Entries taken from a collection
Start of Block
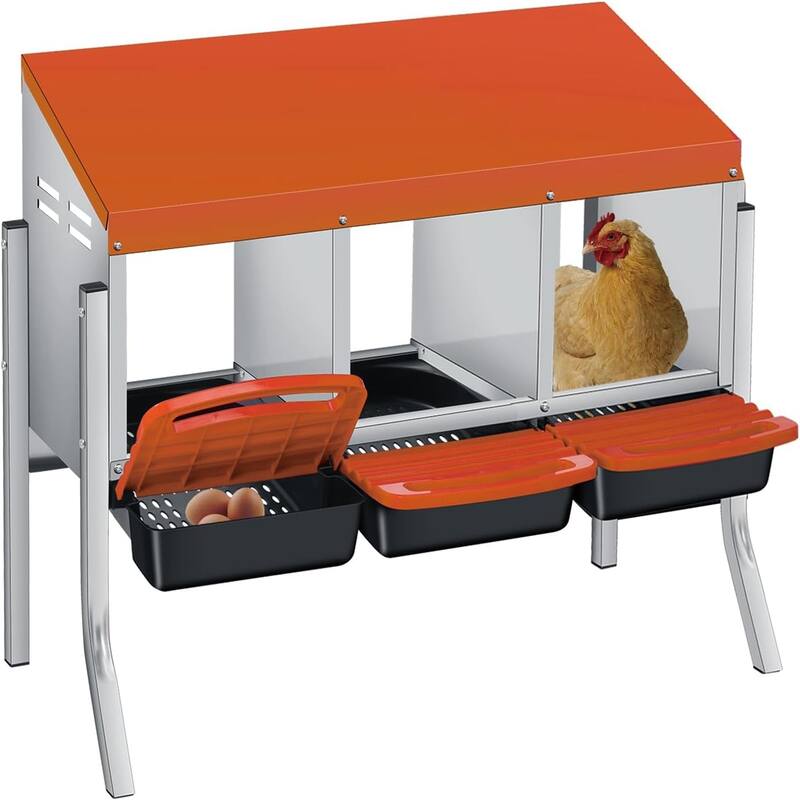 Roll-Away Nesting Boxes for Chickens Coop with Perch - 3 Hole Orange With  Legs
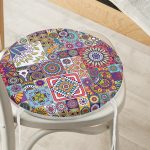 - RealHomes Yuvarlak Fermuarlı Minder - Realhomes  Realhomes Renkli Mozaik Desenli Dijital Baskılı Modern Yuvarlak Fermuarlı Sandalye Minderi Realhomes
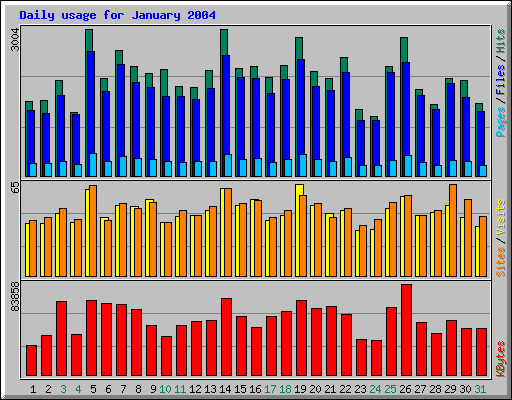 Daily usage for January 2004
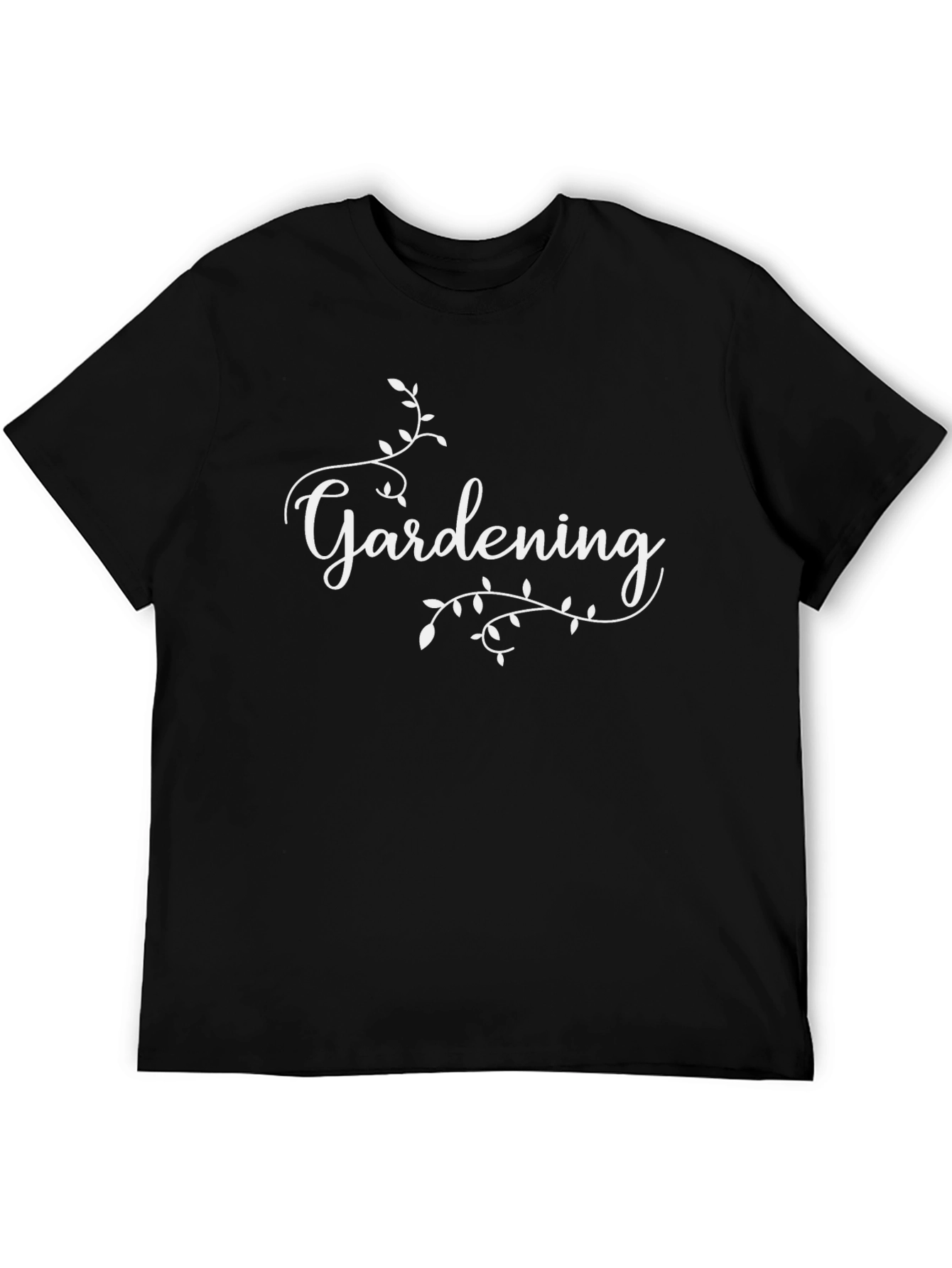 Gardening Script Black T-Shirt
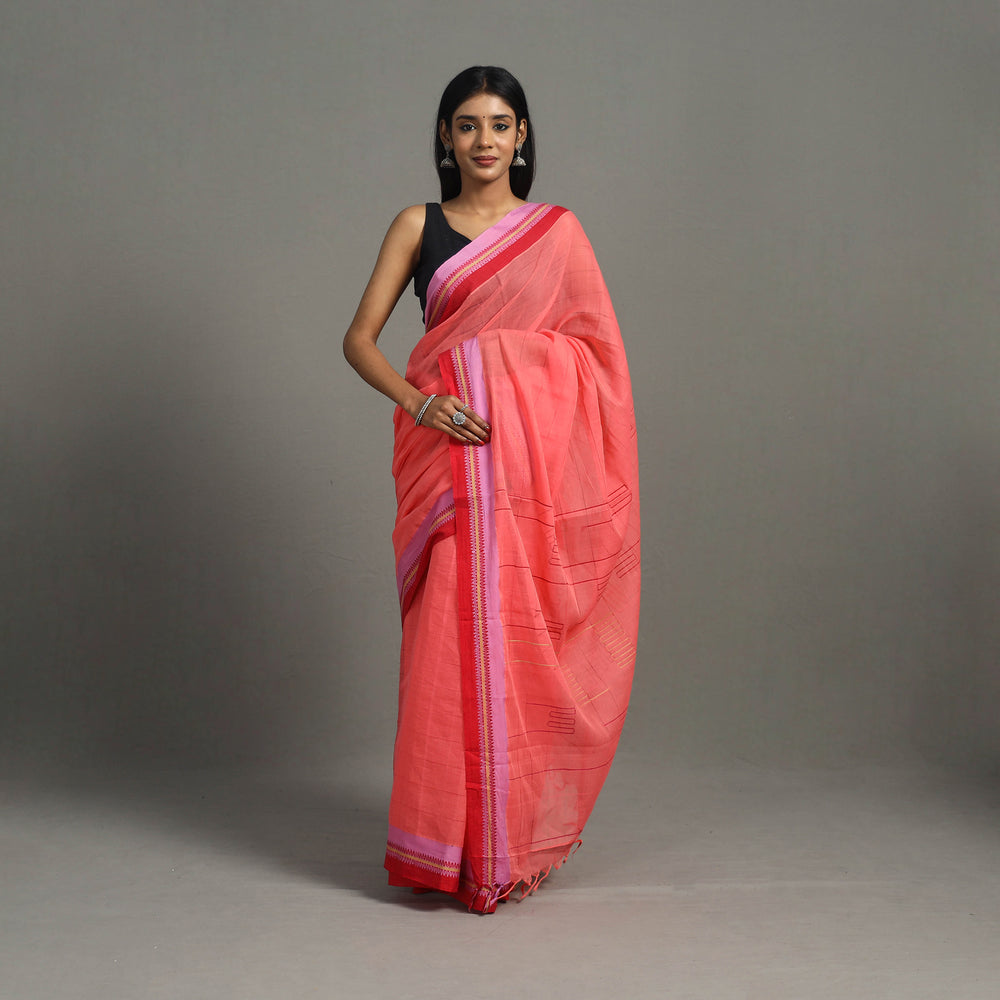 Pink - Turned Weft Circuit Cotton Handloom Saree 17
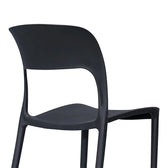 Scaun stivuibil Zanna, Plastic, Negru, 40x53x78 cm, imagine suplimentara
End of Block
* _What the task asks_
With the images omitted, output all entries exactly as given.

* _Output for this exercise_
 Roll-Away Nesting Boxes for Chickens Coop with Perch - 3 Hole Orange With  Legs
 - RealHomes Yuvarlak Fermuarlı Minder - Realhomes  Realhomes Renkli Mozaik Desenli Dijital Baskılı Modern Yuvarlak Fermuarlı Sandalye Minderi Realhomes
 Daily usage for January 2004
 Gardening Script Black T-Shirt
 Pink - Turned Weft Circuit Cotton Handloom Saree 17
 Scaun stivuibil Zanna, Plastic, Negru, 40x53x78 cm, imagine suplimentara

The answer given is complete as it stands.